Linux – Running a Gentoo distfiles caching mirror on Debian

debiangentoohttp-proxylinux

I have a variety of Linux hosts on my office LAN. I run apt-cacher-ng on a box to cache packagae downloads for all of the Debian and Ubuntu machines on the network. We have a few Gentoo users and I would like to cache their distfiles downloads as well.

I am already running an rsync mirror for Gentoo, and that has proven to be an easy setup and reliable.

What I would like is something like http-replicator but that is actually maintained and has a Debian Squeeze package available. I've looked at Squid and it was just too much, I would like something simpler. I also looked at Polipo and that seemed to be on the right track, but suffered this fatal flaw.

All of the distfiles on the Gentoo mirrors are the same, but if you attempted to download the same file from a different source mirror, Polipo would think it was a different file, resulting in a cache miss. http-replicator didn't suffer this issue, and since I don't administrate all of the Gentoo boxes, I don't think I can guarantee a high level of compliance on mirror selection, since most people just do it with mirrorselect, anyway.

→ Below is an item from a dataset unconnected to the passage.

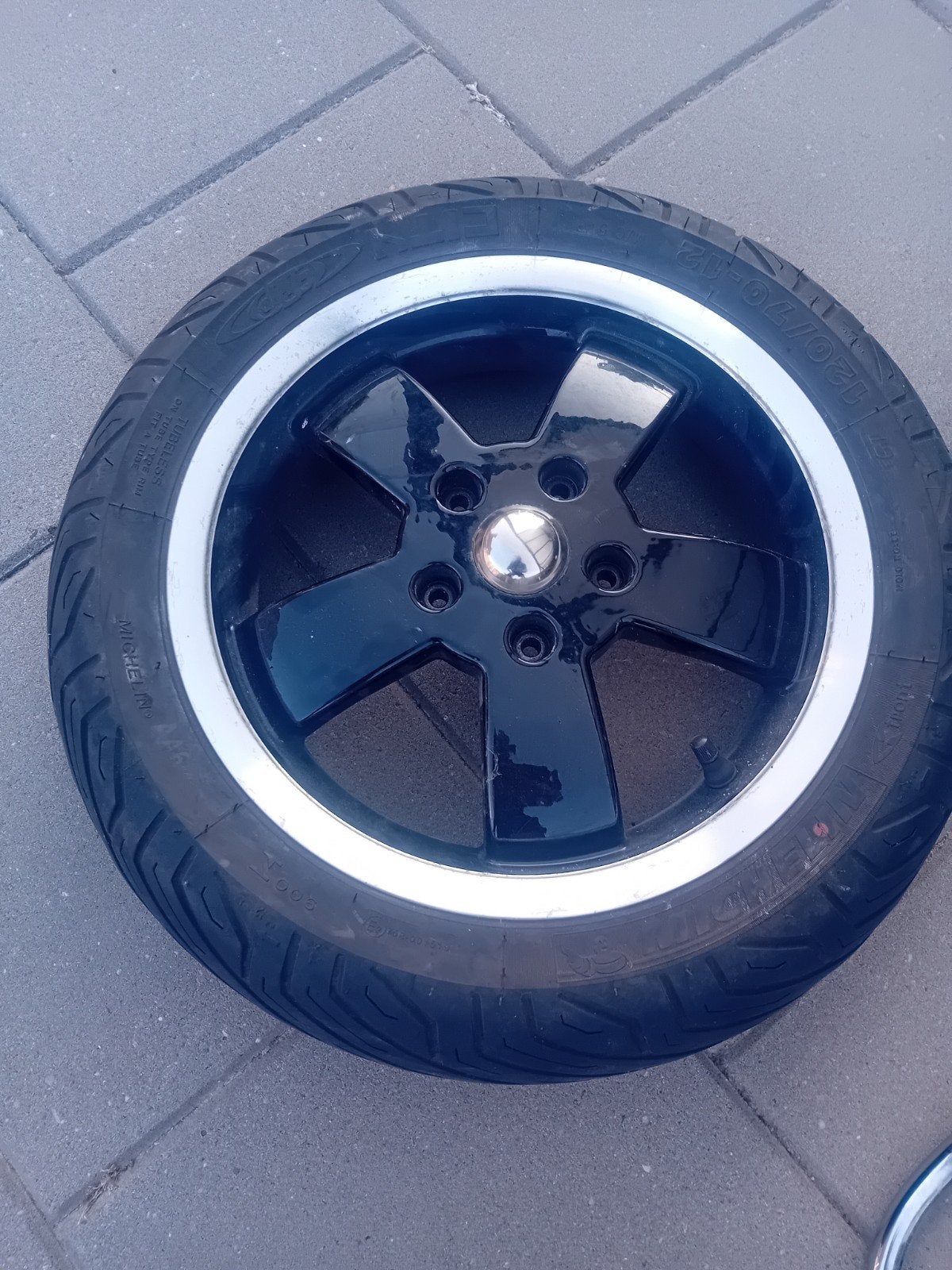 Vespa GTS 125/250/300 2016 Voorvelg met Band, Ophalen of Verzenden, Gebruikt, Overige typen, Vespa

So I'm looking for something that is:

  1. Pretty easy to set up and doesn't require too much fiddling or complicated cache-expiring setups
  2. Can act as a transparent HTTP proxy
  3. Will deliver the same local file, even if it is being "downloaded" from a different server
  4. Doesn't require mirroring of the entire collection of all Gentoo distfiles

Is this too much to ask?

Best Answer

You can use use apt-cacher-ng easily.

Remap-gentoo: file:gentoo_mirrors http://distfiles.gentoo.org/ /gentoo ; file:backends_gentoo # Gentoo Archives

  • In the file gentoo_mirrors, put all of the mirrors you want to capture.
  • In the file backends_gentoo, put the backup mirror you want to use for fetching.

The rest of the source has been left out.